Dans le Miroir des nobles de Hasbaie, écrit en 1353 par Jacques d’Hemrioourt, on trouve les renseignemens suivans sur Jean Le Bel.


« La fille Renier de This fut mariée al saingnor Henry Cossen ; s’en eut un fils nomméis Henrys, quy fut murdris, et dois filles, dont ly une fut mariée à saignor Gilhe le Beal, esquevin de Liége qui portoit les armes d’Ilhe, assavoir de gueules à quatre griffes des Lyons d’or, et ly autre fut mariée à Gerart de Tyhanche, quy le Henry son soroirge murdrit.

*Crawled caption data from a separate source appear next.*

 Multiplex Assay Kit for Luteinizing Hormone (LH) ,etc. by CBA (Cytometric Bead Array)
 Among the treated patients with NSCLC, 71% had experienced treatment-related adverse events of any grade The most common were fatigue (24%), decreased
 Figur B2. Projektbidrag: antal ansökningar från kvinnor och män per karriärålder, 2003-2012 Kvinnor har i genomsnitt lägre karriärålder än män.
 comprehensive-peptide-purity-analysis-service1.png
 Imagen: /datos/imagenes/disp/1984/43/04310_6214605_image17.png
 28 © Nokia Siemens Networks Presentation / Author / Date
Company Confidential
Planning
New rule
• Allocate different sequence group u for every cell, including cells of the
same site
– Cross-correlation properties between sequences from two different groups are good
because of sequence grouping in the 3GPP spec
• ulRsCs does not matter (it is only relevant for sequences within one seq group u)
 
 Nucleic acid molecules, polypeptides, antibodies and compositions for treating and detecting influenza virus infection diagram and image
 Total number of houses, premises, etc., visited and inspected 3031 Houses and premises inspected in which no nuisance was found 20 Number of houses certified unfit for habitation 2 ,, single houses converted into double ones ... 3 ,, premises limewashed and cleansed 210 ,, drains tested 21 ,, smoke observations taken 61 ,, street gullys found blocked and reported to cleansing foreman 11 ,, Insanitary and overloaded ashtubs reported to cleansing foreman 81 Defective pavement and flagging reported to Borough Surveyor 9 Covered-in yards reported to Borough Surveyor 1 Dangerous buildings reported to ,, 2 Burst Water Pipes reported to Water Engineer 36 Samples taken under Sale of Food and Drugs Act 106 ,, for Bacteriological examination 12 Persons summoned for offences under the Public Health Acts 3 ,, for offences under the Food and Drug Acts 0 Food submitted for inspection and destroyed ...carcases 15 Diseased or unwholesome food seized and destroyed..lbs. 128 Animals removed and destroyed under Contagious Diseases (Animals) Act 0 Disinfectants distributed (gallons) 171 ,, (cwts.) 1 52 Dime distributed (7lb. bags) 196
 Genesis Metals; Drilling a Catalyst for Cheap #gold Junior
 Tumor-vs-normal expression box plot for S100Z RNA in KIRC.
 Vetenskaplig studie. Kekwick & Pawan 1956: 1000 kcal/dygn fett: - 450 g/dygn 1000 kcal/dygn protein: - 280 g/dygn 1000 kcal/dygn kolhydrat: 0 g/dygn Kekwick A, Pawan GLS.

Du saingnor Gilhe le Beal, esquevin de Liege, et delle filhe saingnor Henry Cossen, riche borgois de Liege, issirent trois fis et une filhe : assavoir ly bons, ly larges et ly vailhant messire Johan le Beal, cannone de Saint-Lambert et prévost delle église Saint-Johan en Liége, messire Henry le Beal, chevalier, esquevin de Liége, et Gilhe le Beal, cannone de la dite église Saint-Johan. Et orent chis enfans une sereur mariée à monseigneur Hombert de Biernamont chevalier.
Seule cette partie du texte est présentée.